Task requirements »
From the data that follows, set down exactly the lines from the one with "两个男孩靠近木制桌子图片" through the one with "Weißes Baumwoll-T-Shirt mit", counting both. Pictures stay out.

Entries provided »
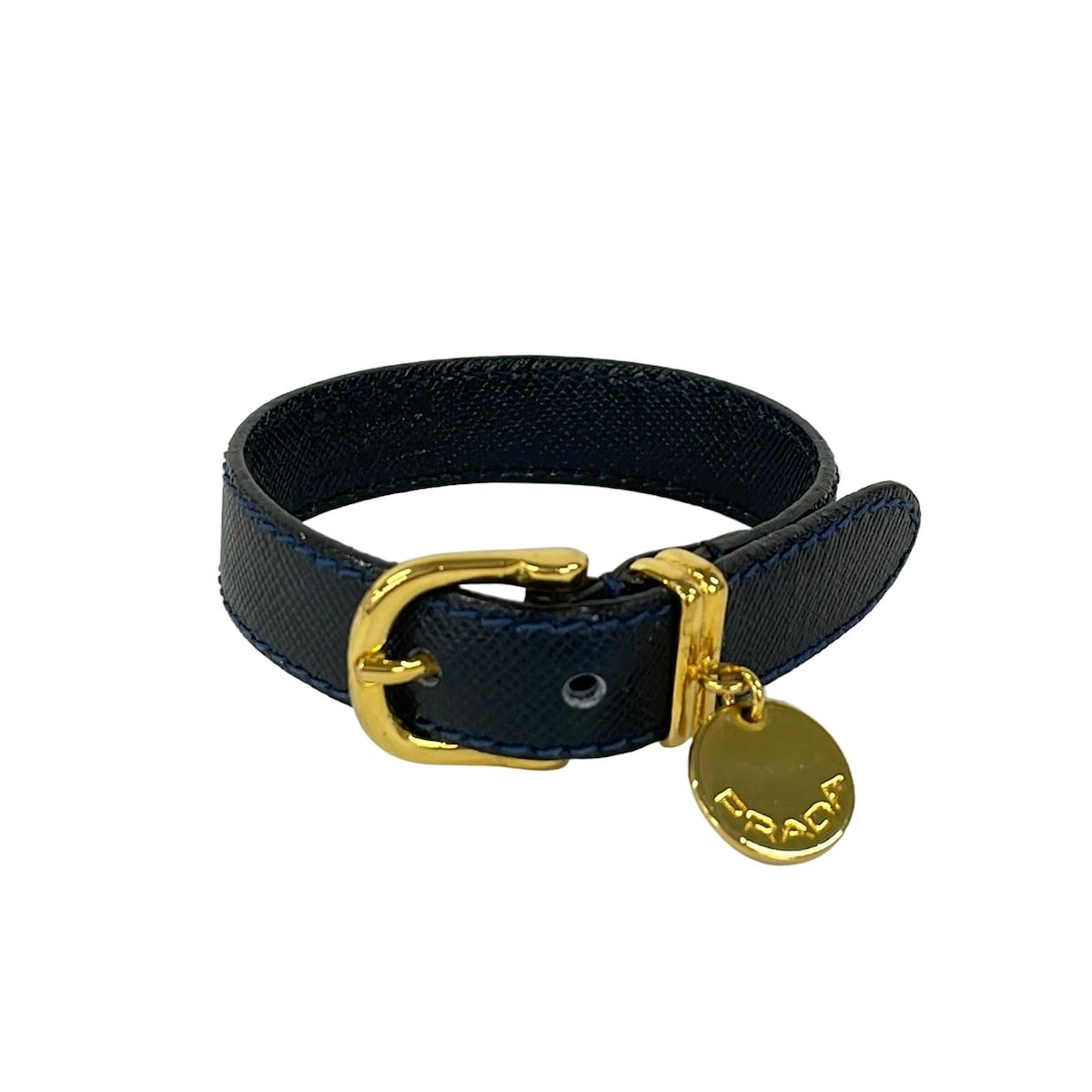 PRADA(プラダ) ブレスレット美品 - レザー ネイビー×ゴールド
==
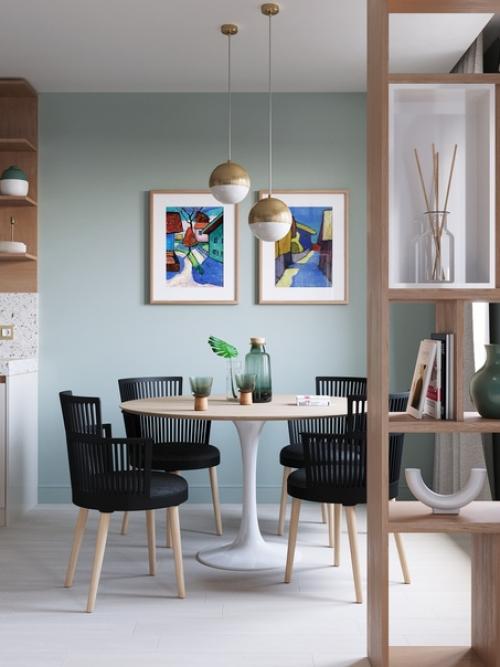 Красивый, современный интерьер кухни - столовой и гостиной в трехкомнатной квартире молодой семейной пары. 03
...
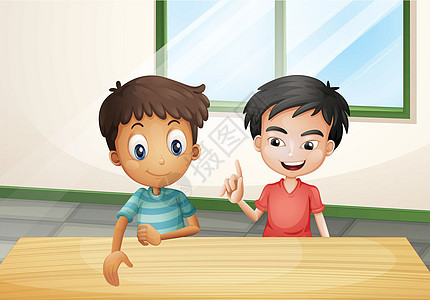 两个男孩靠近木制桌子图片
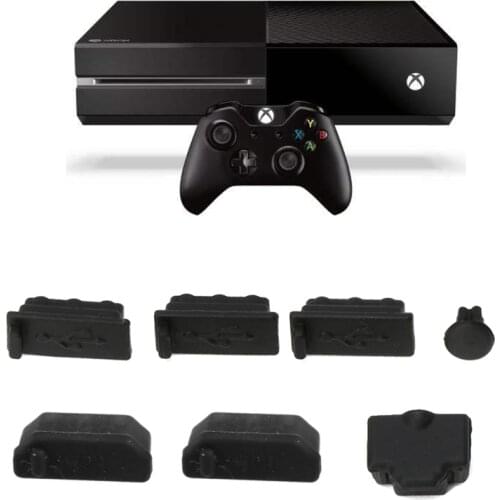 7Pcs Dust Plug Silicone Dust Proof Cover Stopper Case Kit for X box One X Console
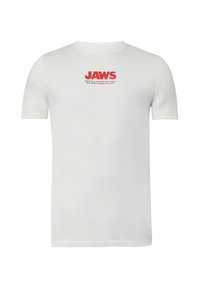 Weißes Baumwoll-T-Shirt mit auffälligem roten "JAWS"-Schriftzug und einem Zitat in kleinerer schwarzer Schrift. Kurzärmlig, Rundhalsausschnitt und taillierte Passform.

Result »
 两个男孩靠近木制桌子图片
 7Pcs Dust Plug Silicone Dust Proof Cover Stopper Case Kit for X box One X Console
 Weißes Baumwoll-T-Shirt mit auffälligem roten "JAWS"-Schriftzug und einem Zitat in kleinerer schwarzer Schrift. Kurzärmlig, Rundhalsausschnitt und taillierte Passform.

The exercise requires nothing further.